Zwróciliście uwagę na to jak śpi Wasz maluszek?
Czy dziecko ma w nocy zamkniętą buzię? A może podczas oglądania bajki, czy wciągającej zabawy Wasza pociecha ma rozchylone usta?
To niby proste pytania, ale odpowiedź na nie jest niezwykle ważna!
Jeśli dziecko śpi z otwartą buzią, albo zdarza mu się w ciągu dnia mieć przez dłuższy czas rozwarte usta – to znaczy że ODDYCHA PRZEZ USTA
Zapytacie – i co w tym takiego, że czasami oddycha buzią? A to okazuję się niezwykle ważna sprawa! Powiedziałabym nawet kluczowa w prawidłowym wzroście twarzy i zgryzu Waszego dziecka. Dlaczego? Postaram się Wam ten temat przybliżyć – dlatego zachęcam do przeczytania do końca
Normalną, fizjologiczną drogą oddychania jest oddychanie przez nos. Powietrze dostające się do jamy nosowej jest wstępnie filtrowane, ogrzewane i nawilżane.
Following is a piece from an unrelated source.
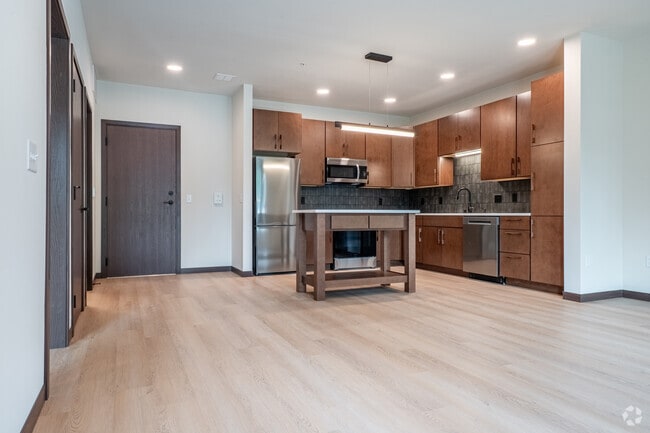 1BR, 1BA - 770SF - Kitchen, Living Room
Nos stanowi więc pierwszą barierę ochronną dla wirusów i bakterii, zmniejszając ryzyko infekcji dróg oddechowych.
Oddychając przez buzię powietrze dostaje się od razu do gardła, gdzie zlokalizowane są migdałki podniebienne oraz tzw. trzeci migdał. To one stanowią w tym wypadku pierwszą barierę ochronną przed drobnoustrojami. Nieogrzane, nienawilżone i nieprzefiltrowanie powietrze “drażni” tkankę migdałów powodując ich reakcję obronną w postaci przerostu zapalnego i zwężenia dróg oddechowych. To w konsekwencji wtórnie utrudnia oddychanie nosem i utrwala nawyk oddychania przez usta.
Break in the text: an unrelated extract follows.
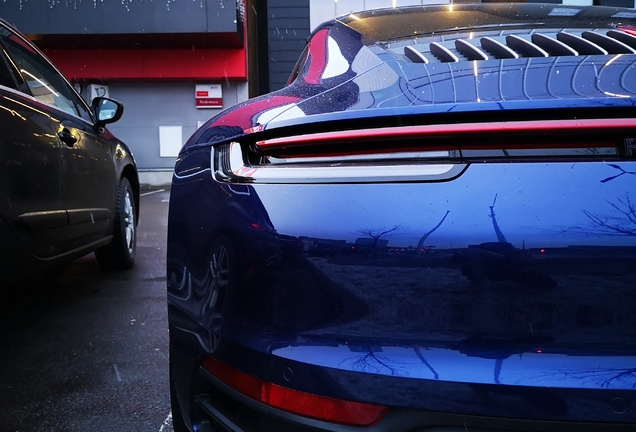 Porsche 992 Carrera 4S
I tu pojawia sie aspekt pozycji spoczynkowej języka
Wracając do oddychania buzią – u dzieci z ustnym torem oddechowym zaczynają piętrzyć się problemy takie jak:
– przerost migdałków podniebiennych lub trzeciego migdała
– częste infekcje górnych dróg oddechowych
– trudności z koncentracją ( dziecko oddychające ustami jest słabiej dotlenione)
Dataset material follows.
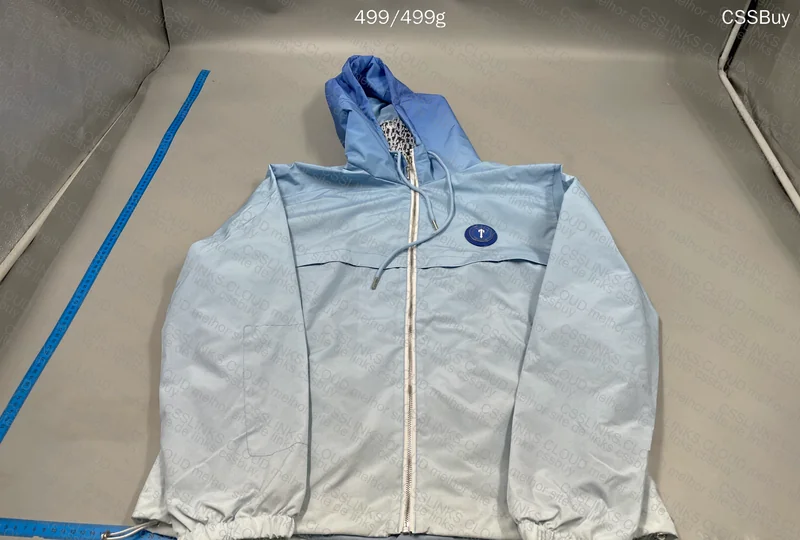 Trapstar Irongate Windbreaker Blue Gradient 6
– charakterystyczny wyraz twarzy, często określany w literaturze jako “gapowaty” – buzia dziecka coraz częściej jest otwarta, kości policzka zapadnięte, oczy podkrążone, a język często jest lekko wysunięty z jamy ustnej
– chrapanie, nocny bezdech
– wady zgryzu.
To niezwykle ciekawe jak wielki ma to wpływ na wygląd twarzy dziecka oraz anatomię jamy ustnej. Pamiętajmy o tym, że dziecko cały czas rośnie i warunki w buzi, ale i w całej twarzoczaszce nieustannie się zmieniają. Utrwalony nieprawidłowy sposób oddychania będzie powodował poważne wady zgryzu oraz nieharmonijny wzrost kości całej twarzy
Powietrze dostające się do jamy nosowej podczas oddechu nosem napływa do wszystkich zatok przynosowych, stymulując do prawidłowego wzrostu kości twarzy. Kiedy buzia jest otwarta, kość żuchwy również zaczyna rosnąc w nieprawidłowy sposób, powodując wydłużenie dolnego odcinka twarzy. Dodatkowo język opadający na dno jamy ustnej nie stymuluje do wzrostu na szerokość kości podniebienia, powodując zwężenie górnego łuku zębowego i stłoczenia zębów.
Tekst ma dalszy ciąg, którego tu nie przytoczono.